====== RECORDS SHOWN
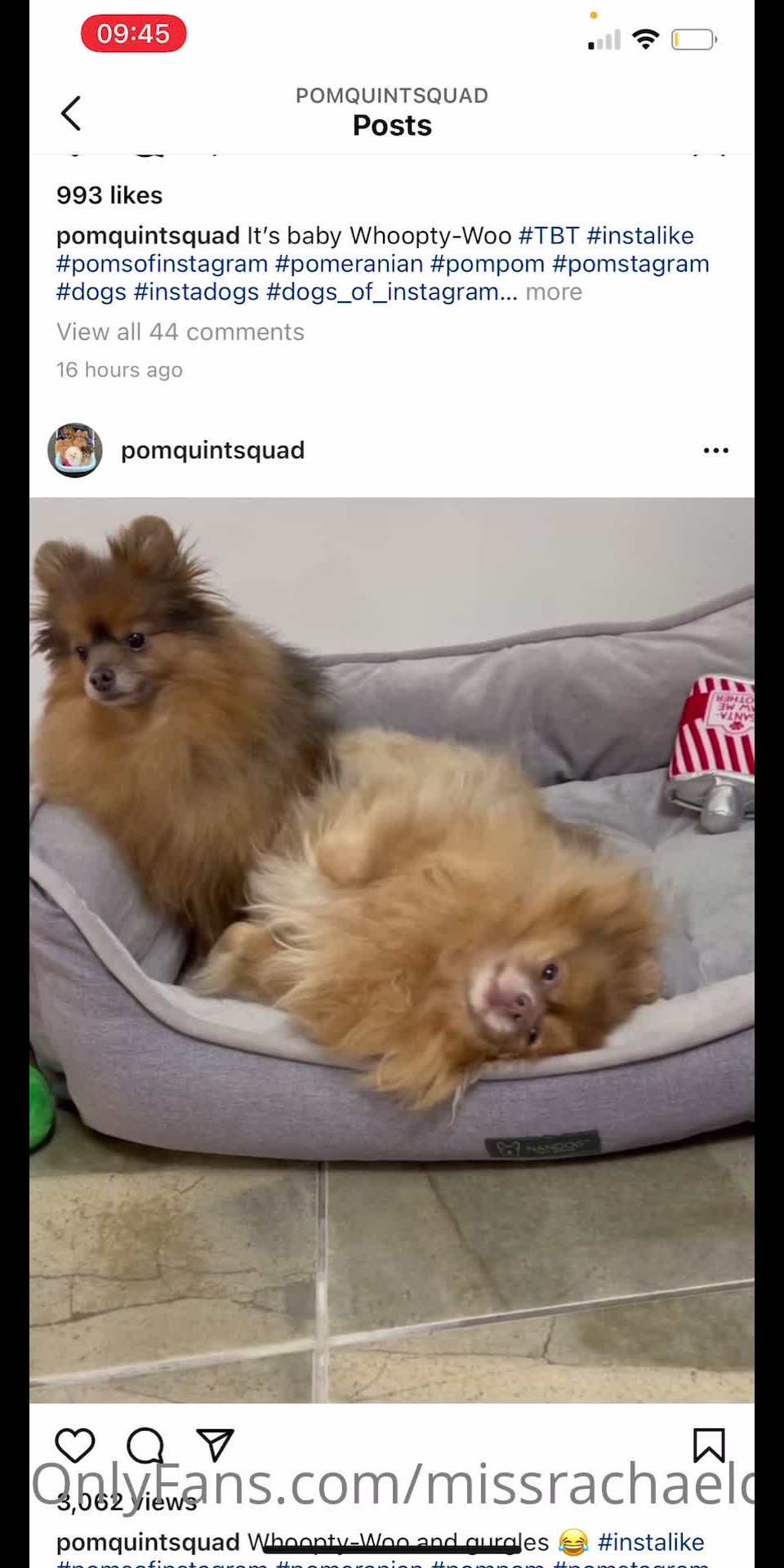 Rachael x - missrachaelcx () Missrachaelcx - sorry boys i have been in and out the hospital past days with appointments 15-01-2021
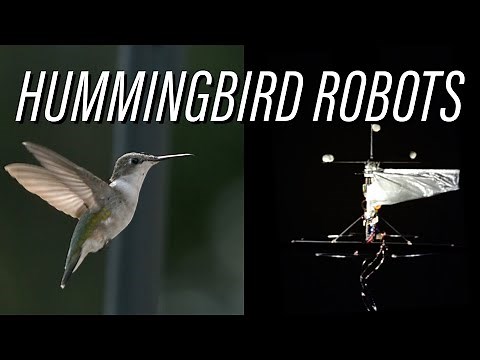 Hummingbird Robots: Naturally Intriguing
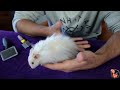 🐹 Hámster de Pelo Largo, Hámster de Angora, Teedy Hamster - Hablemos sobre esta bola de pelo 🐹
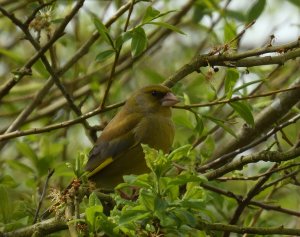 Greenfinch.JPG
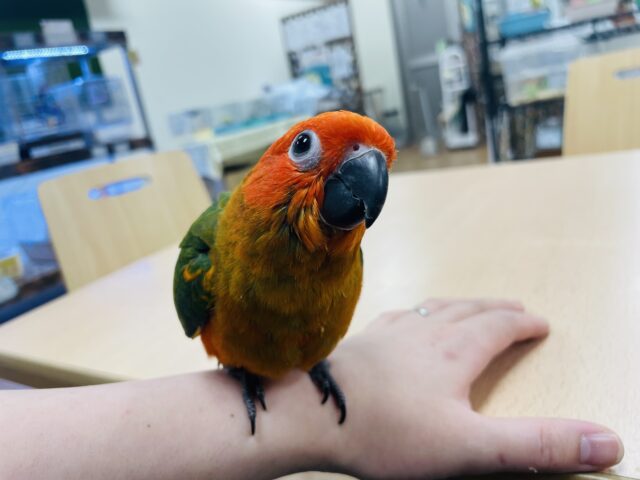 コガネメキシコインコ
============
▶ **ASSIGNED TASK**:
Give back exactly the lines from the one with "bola de pelo 🐹" through the end of the records above, inclusive, and omit any pictures.

▶ **EXERCISE RESULT**:
 🐹 Hámster de Pelo Largo, Hámster de Angora, Teedy Hamster - Hablemos sobre esta bola de pelo 🐹
 Greenfinch.JPG
 コガネメキシコインコ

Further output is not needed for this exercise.